Judge Ahmed Abdul Rahman, a member of the council, said that the judiciary's top body had agreed to assign judges and prosecutors to oversee the vote.
He said no judge would be allowed to reject the assignment without an excuse acceptable to the council, the state-run daily Al-Ahram reported. Without oversight, the referendum might not be recognized.
President Mohammed Morsi has scheduled for December 15 a public vote on the new constitution, Egypt's first since a popular uprising forced his predecessor, Hosny Mubarak, to resign almost two years ago.
But on Sunday the head of the independent Judges Club, Ahmed al-Zend, called on the country's judges not to oversee it, in protest at a recent decree by Morsi which makes his decisions immune to judicial review.

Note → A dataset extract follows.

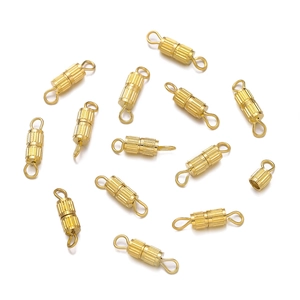 Detailed view of copper vertical texture screw clasps for DIY jewelry necklaces
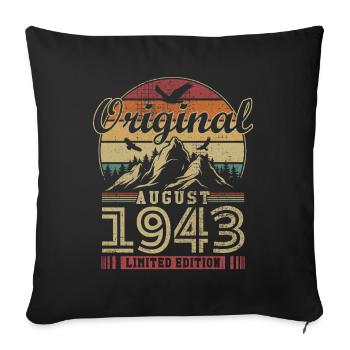 Original August 1943 vintage anniversary 1943 - Sofa pillowcase 17,3'' x 17,3'' (45 x 45 cm) - black - Front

The Club criticized Morsi for interfering in the judiciary's work and violating its independence.
The final draft of the constitution was hastily adopted by the constituent assembly on Friday amid an outcry from liberals and minority Christians who criticized the document as too heavily influenced by the Islamist majority in the panel which drew it up.
Around 11 independent and opposition Egyptian newspapers are expected to suspend publication on Tuesday to protest what they described as Morsi's "dictatorship."
Al-Masry Al-Youm and Al-Tahrir papers published a black poster on their front pages Monday, with the image of a human covered in newspaper pages, chained in a cell, and the line "A constitution that cancels rights and chains freedoms. No to dictatorship."
Protesters also gathered in Tahrir Square for the 11th day of a sit-in, begun after Morsi issued the decrees expanding his powers and barring courts from dissolving the Islamist-dominated constituent assembly.
The Supreme Constitutional Court suspended its sessions indefinitely Sunday after thousands of Islamists surrounded its building before it was to hear a case on the legality of the constituent assembly.
The court said in a statement that the protesters had prevented its judges from accessing its building in Cairo.
Egyptians living abroad are to begin voting on the new constitution on Saturday.